[Captioned web image data]

———

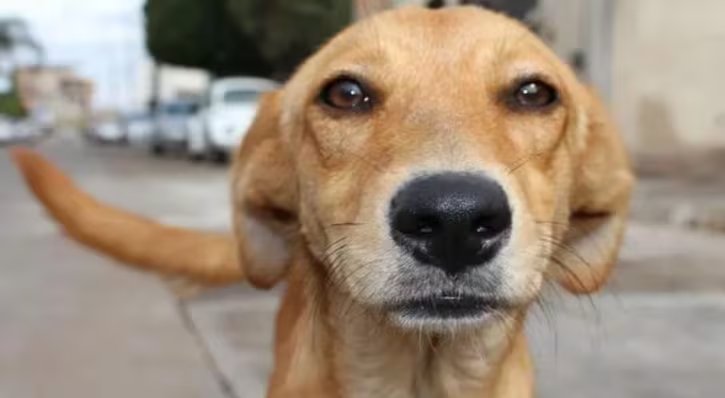 Estos beneficios no solo mejoran la calidad de vida del perro adoptado, sino que también contribuyen a una sociedad más consciente y solidaria respecto al bienestar animal. (Redes sociales)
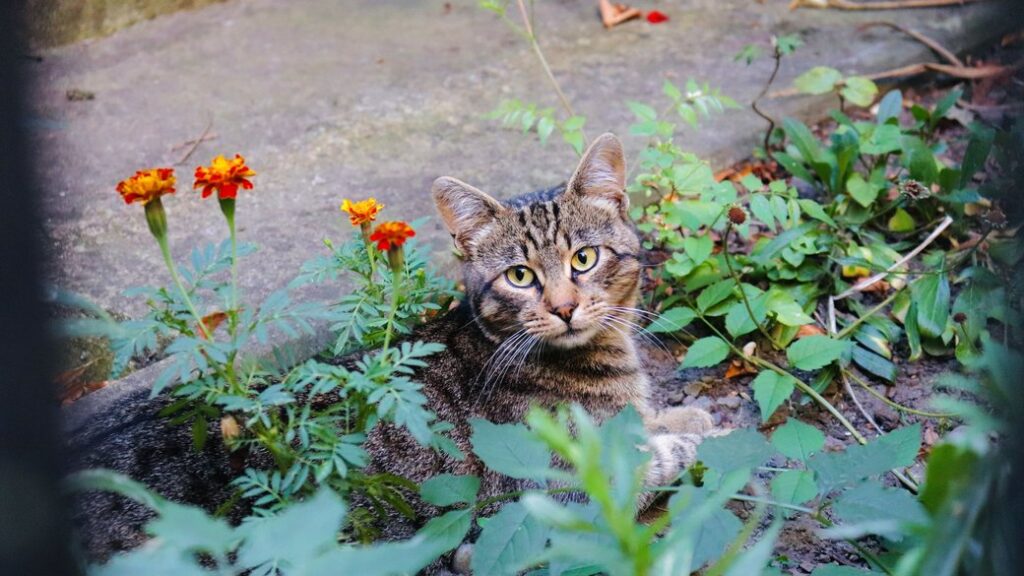 Якою буде погода на Прикарпатті у п'ятницю, 30 серпня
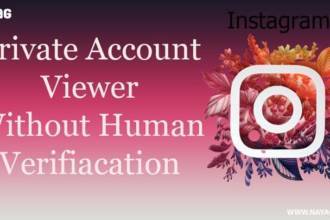 Instagram Private Account Viewer without Human Verification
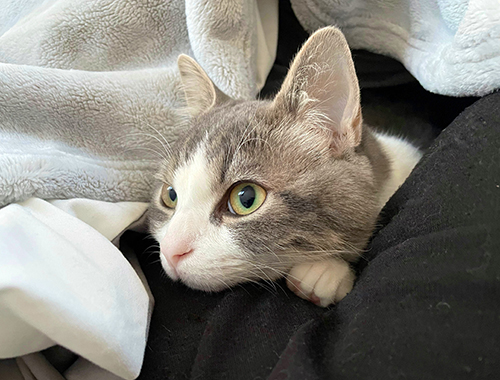 お布団に潜りこんできた猫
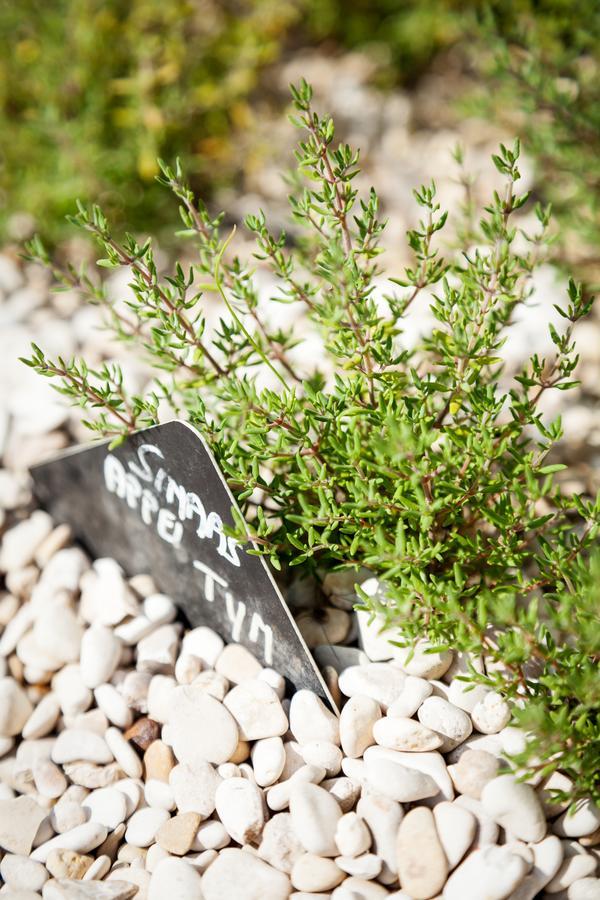 B&B De Lievde Lievegem ภายนอก รูปภาพ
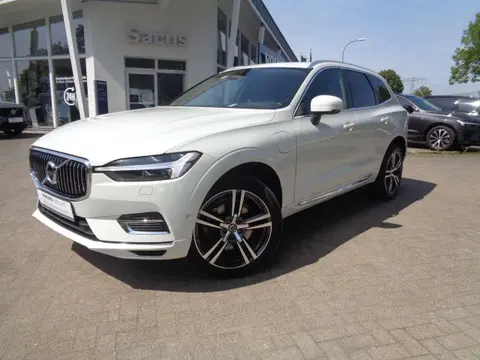 Used VOLVO XC60 Hybrid 2021 Ad 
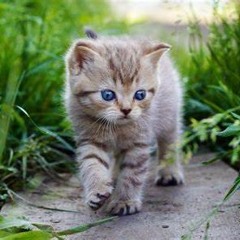 KittyForever13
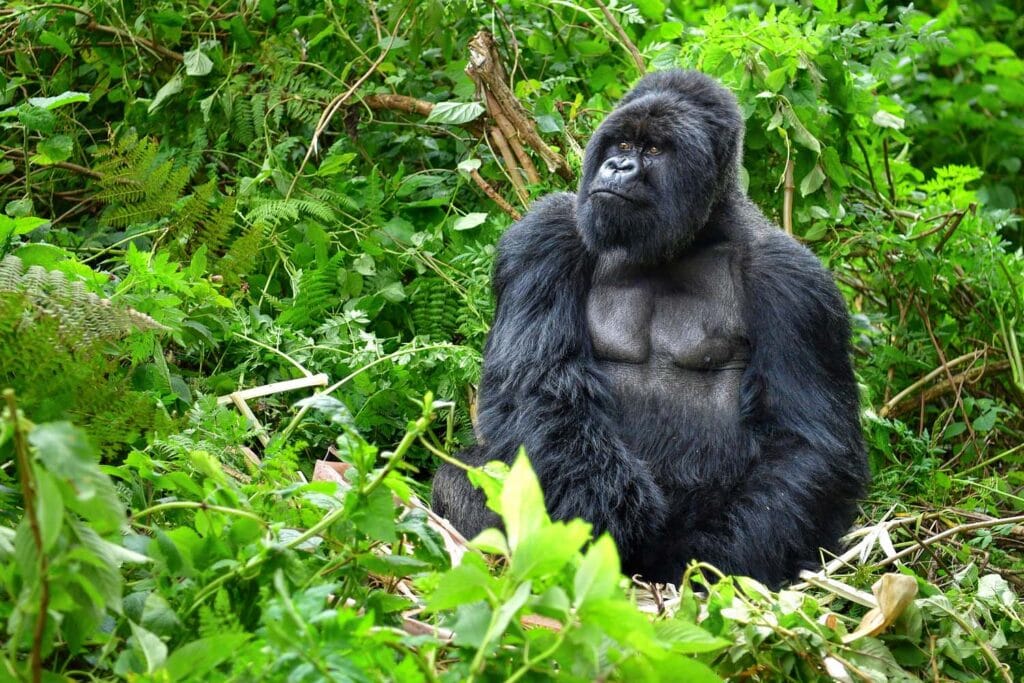 Uganda Safari from Entebbe Airport: The Complete Guide for First-Time Visitors (2026)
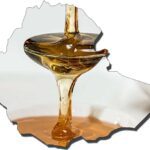 Ethiopian development model based on honey production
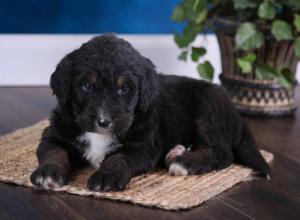 tri-colored standard bernedoodle near Chicago Illinois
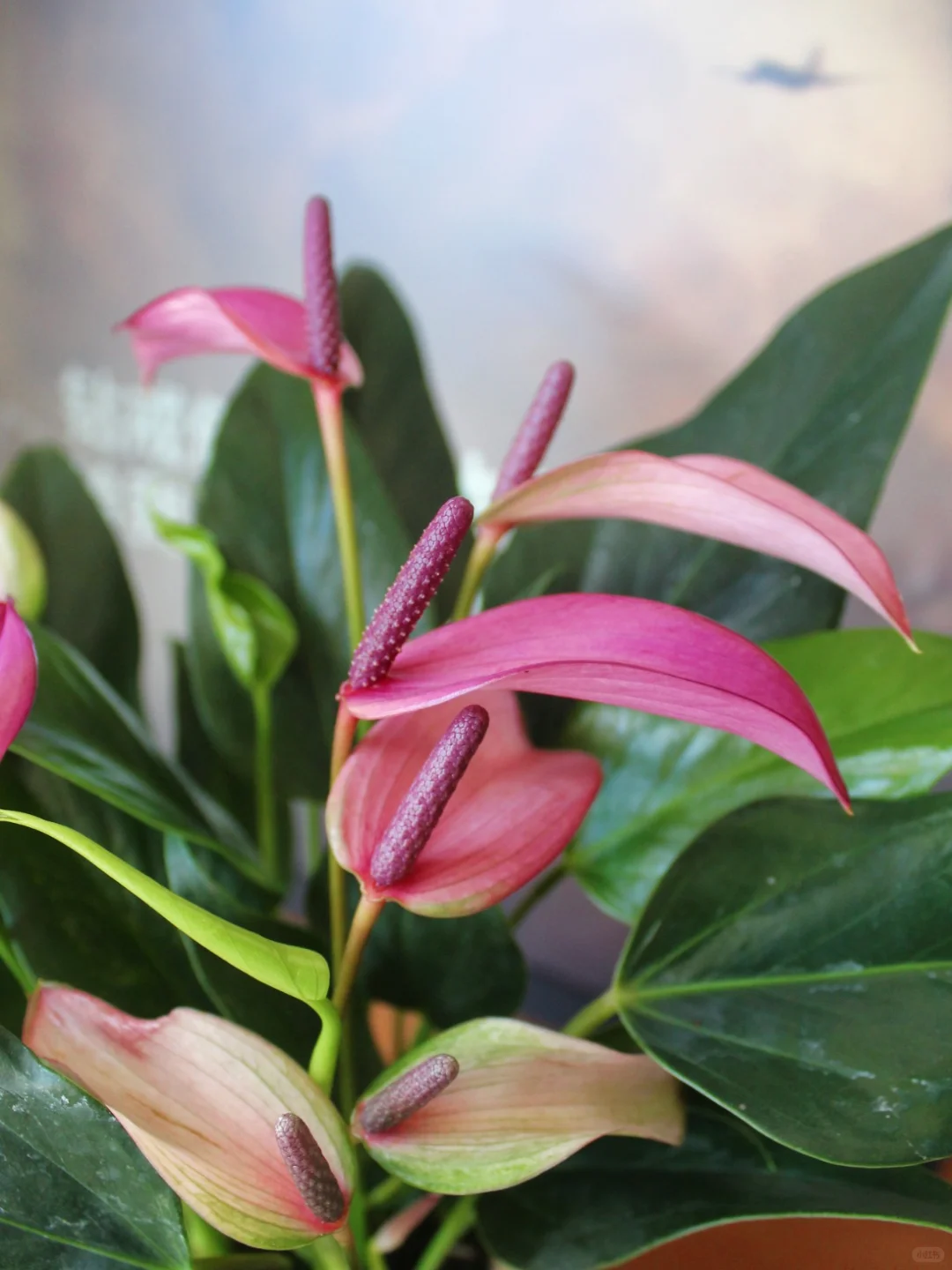 见者好运！紫气东来，好事将要发生！✨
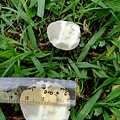 冠狀球蓋菇Stropharia coronilla-5 1060604_1 中和綜合運動場草地.JPG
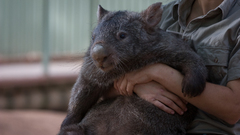 Wombat
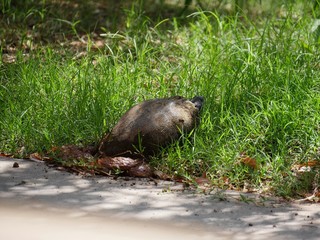 Medium wide shot of a turtle laying eggs in a grassy patch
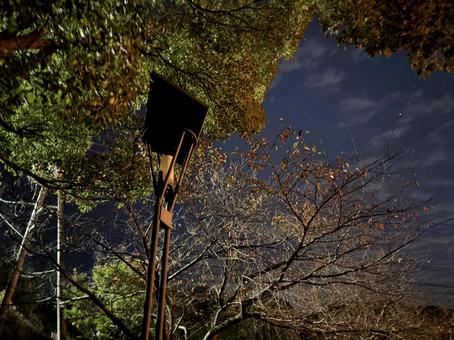 ソーラーパネルの付いた外灯の写真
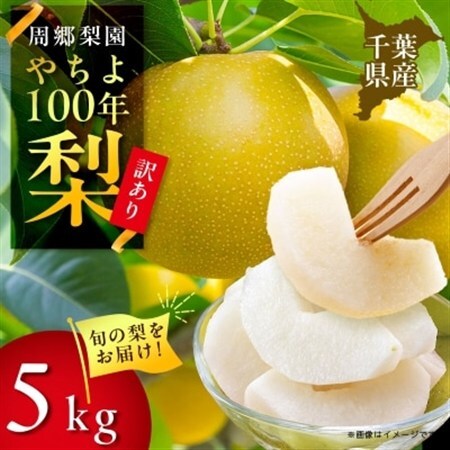 2026年発送先行受付 周郷梨園のやちよ100年梨家庭用(5kg)【1493891】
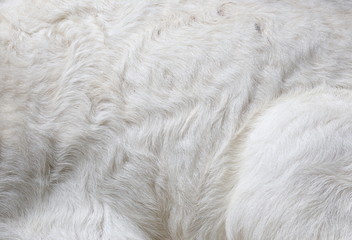 new born sheep,Abandoned new-born lamb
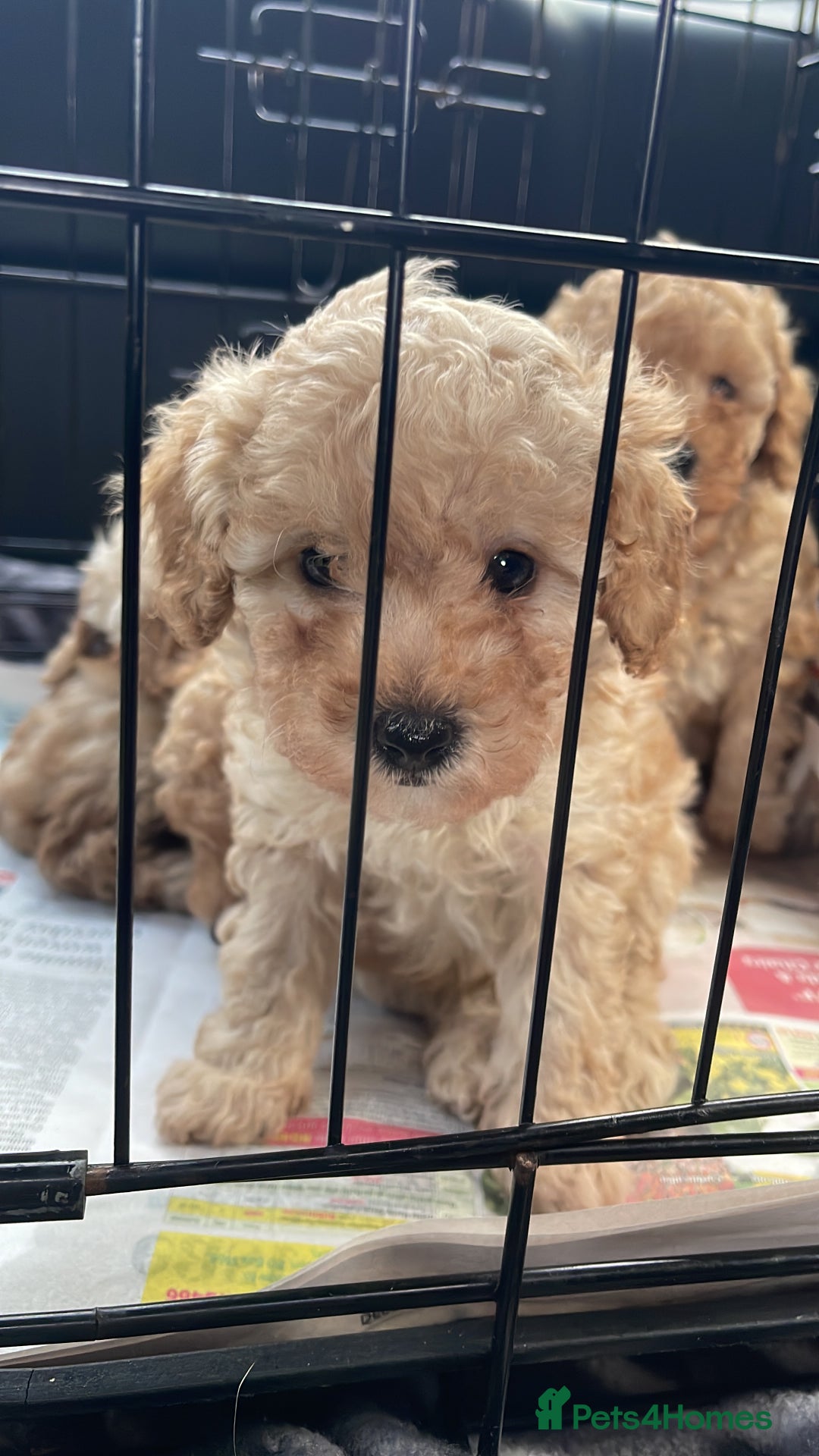 Toy Poodle dogs for sale: Stunning toy poodle puppies - Advert 2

———

The reply should hold only the lines from the first line of the records above through the line containing "KittyForever13", copied exactly and without pictures.

 Estos beneficios no solo mejoran la calidad de vida del perro adoptado, sino que también contribuyen a una sociedad más consciente y solidaria respecto al bienestar animal. (Redes sociales)
 Якою буде погода на Прикарпатті у п'ятницю, 30 серпня
 Instagram Private Account Viewer without Human Verification
 お布団に潜りこんできた猫
 B&B De Lievde Lievegem ภายนอก รูปภาพ
 Used VOLVO XC60 Hybrid 2021 Ad 
 KittyForever13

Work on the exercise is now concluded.